La principale route qui conduit à Beira devrait être accessible dimanche et la voie ferrée est de nouveau utilisable depuis vendredi, "ce qui signifie que l'aide peut arriver plus facilement", s'est-il réjoui.

Des habitants ont commencé à reconstruire avec les moyens du bord des tôles gondolées emportées par le vent, des habitations de fortune.

Dans plusieurs écoles de la ville réquisitionnées, des milliers de rescapés s'entassaient, laissant craindre des épidémies.

"La promiscuité dans les centres d'hébergement, le manque d'hygiène, les eaux stagnantes et infectées posent des risques de maladies comme le choléra, le paludisme et les diarrhées", a prévenu l'Unicef.

Des informations contradictoires circulaient sur d'éventuels cas de choléra.
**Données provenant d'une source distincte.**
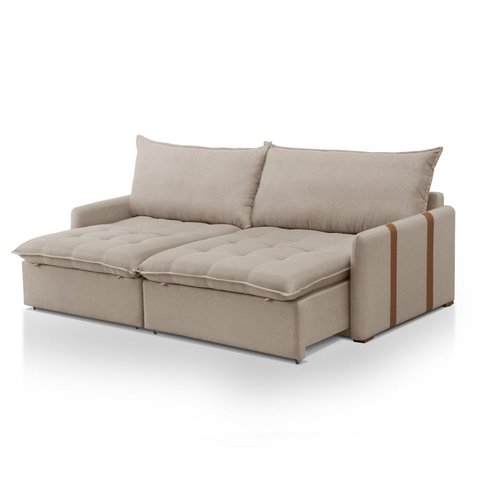 Sofá Cama 3 Lugares Retrátil 160cm Faenzo Linho Bege Luxo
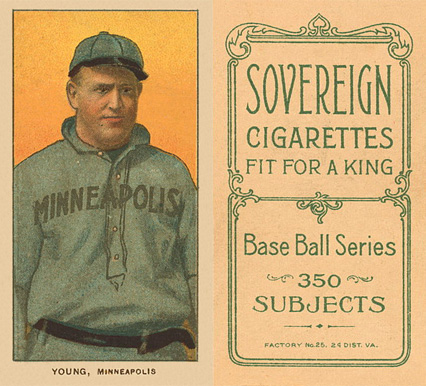 1909 White Borders Sovereign Young, Minneapolis #524 Baseball Card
Le programme alimentaire mondial (Pam), qui distribue la nourriture, a déclenché son niveau d'urgence 3, équivalent aux crises au Yémen, en Syrie ou encore au Sud-Soudan.

"Des dizaines de milliers de personnes ont tout perdu. Avec l'étendue des dégâts qui se précise, le nombre de personnes dans le besoin augmente. On doit faire plus", a estimé le porte-parole du Pam, Herve Verhoosel.

Au Zimbabwe, les rescapés continuaient ce week-end à enterrer leurs morts, tandis que 120 corps ont été emportés par les eaux au Mozambique, selon Ocha.